§ **THE PROBLEM**
Your answer must be an exact copy of the data below, minus any pictures.

§ **DATA**
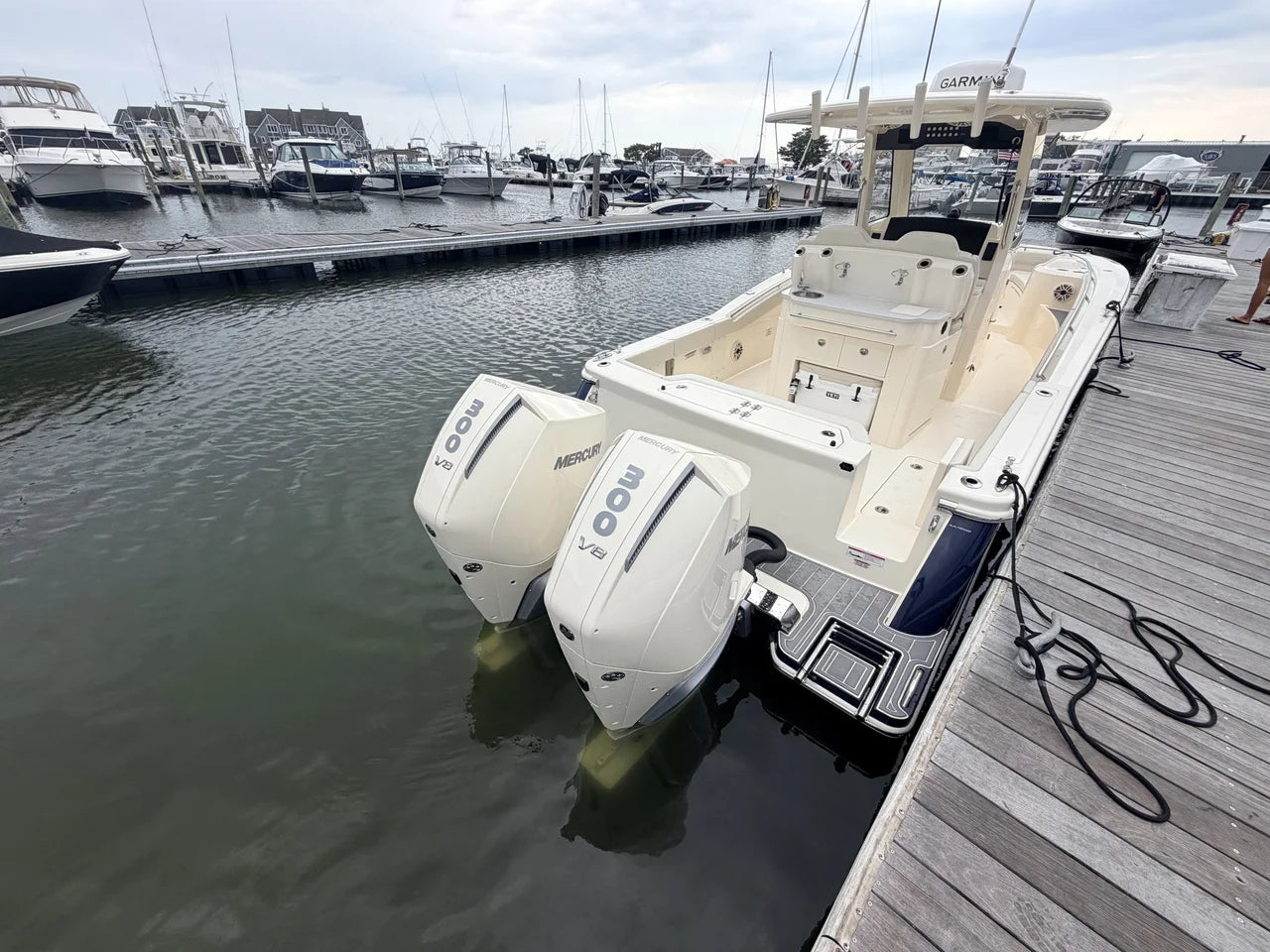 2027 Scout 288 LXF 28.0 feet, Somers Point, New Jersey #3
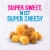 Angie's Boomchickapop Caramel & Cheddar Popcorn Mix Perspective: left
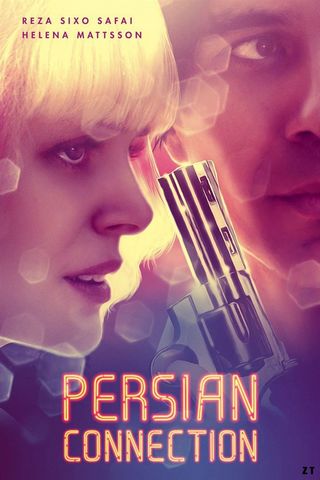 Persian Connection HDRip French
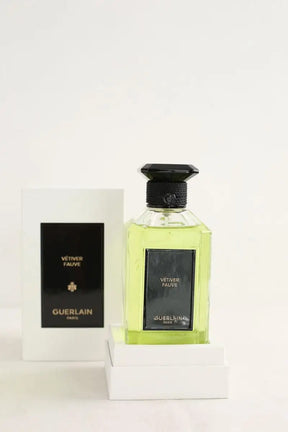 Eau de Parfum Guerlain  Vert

§ **RESPONSE TO THE TASK**
 2027 Scout 288 LXF 28.0 feet, Somers Point, New Jersey #3
 Angie's Boomchickapop Caramel & Cheddar Popcorn Mix Perspective: left
 Persian Connection HDRip French
 Eau de Parfum Guerlain  Vert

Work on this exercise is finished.